Friday 25 June 2010

Countryside Escape

As I complained about the clichés in Kirsi Piha's book "Medicien naapurissa" about her countryside house in Le Marche (Peter Mayle and Frances Mayes in a less romantic Finnish way), I was mentioned that I have also fallen for some clichés in my blog entries. I have to admit that it is hard to write about Italy without some clichés or stereotypes (and, though it might be hard to believe, I'm not a professional writer). I don't consider myself as very biased when it comes to Italy, rather I'm very critical about the country's politics, gender equality and Florentines' manners towards foreigners. I think I understand (at least most of the time) when I can't be overly positive about the Italians even though I often try to find reasons for their bad behaviour or excessive testosterone. Indeed, yesterday, during the Slovakia-Italy football match, I changed sides in the middle of the game after the Italian player kicked the Slovakian goal keeper in the groins with no reason. No matter how gorgeous Cannavaro looked (and he did!) or how cute Buffon was on the side of the pitch, I could no longer support their disgraceful behaviour and I can only hope that the elimination of their team from the World Cup will change their style of playing.

Montepulciano behind lavender bushes.

It is not that I haven't noticed the smell of piss on the Florentine streets during hot days or I've never faced nasty service here, but I rather deplore the ecological problems than use my time on complaining about the Italians (though I could write a word or two about their driving culture with a slightly irritated and negative tone). And even if it's a cliché, the countryside here must be one of the most beautiful places in the world, the wine is excellent and food... I just can't help talking about the good food...

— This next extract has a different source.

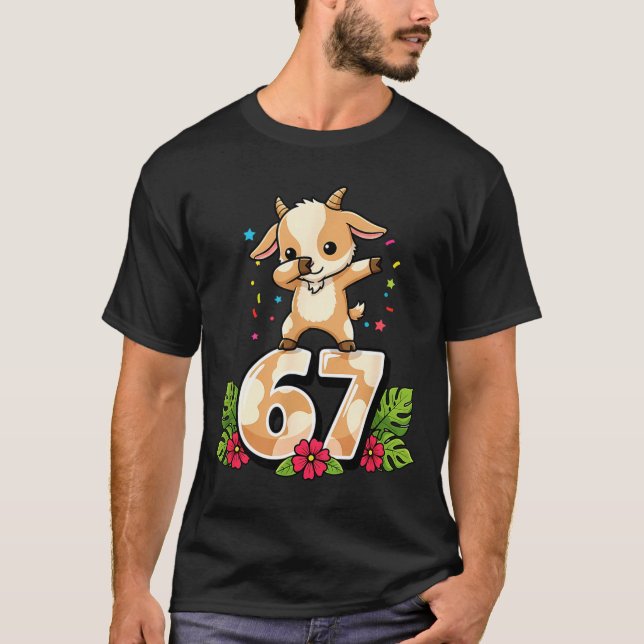 Six Seven Meme Dabbing Baby Goat 67 Funny Gen Z Ap T-Shirt (Front)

After a tour in Val d'Orcia, you can't say a bad thing about Italy at least for a few weeks. During our three-day visit in the Southern Tuscany, we saw such breathtaking views and had such a great service (still off-season, locals were not yet totally exhausted by the tourists) that you owe not to complain for a while. So, in order to prove my objectivity, here's some evidence of the countryside beauty there:

Village of Montepulciano is a perfect Renaissance hill town where we of course indulged in Vino Nobile di Montepulciano, one of the nicest wines of Tuscany.

Town of Pienza, 20 km West of Montepulciano is another picturesque town founded by Pope Pius II and now UNESCO World Heritage Site.

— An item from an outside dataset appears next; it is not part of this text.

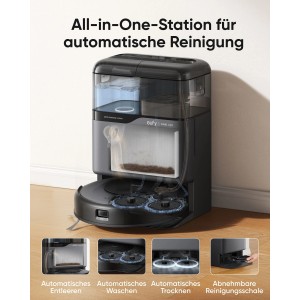 Eufy Omni C20 Saug- und Wischroboter mit All-in-One Station zum automatischen Entleeren, Waschen und Trocknen.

Driving around in Val d'Orcia region through the small roads is a pleasure, at least if your driver isn't getting annoyed by the repeated "Stop!" shouts for photoshooting. Also, your rented Fiat Panda might have difficulties in making its way up the hills.

Brunello di Montalcino is acknowledged as one of the best wines in Italy. In the town of Montalcino you don't need to pay excessively to taste some.

Sant'Antimo's beautiful abbey.

Even more in the South, lies the town of Pitigliano on a dramatic site on top of a hill. It's worth going for the night view and its white wine Bianco di Pitigliano.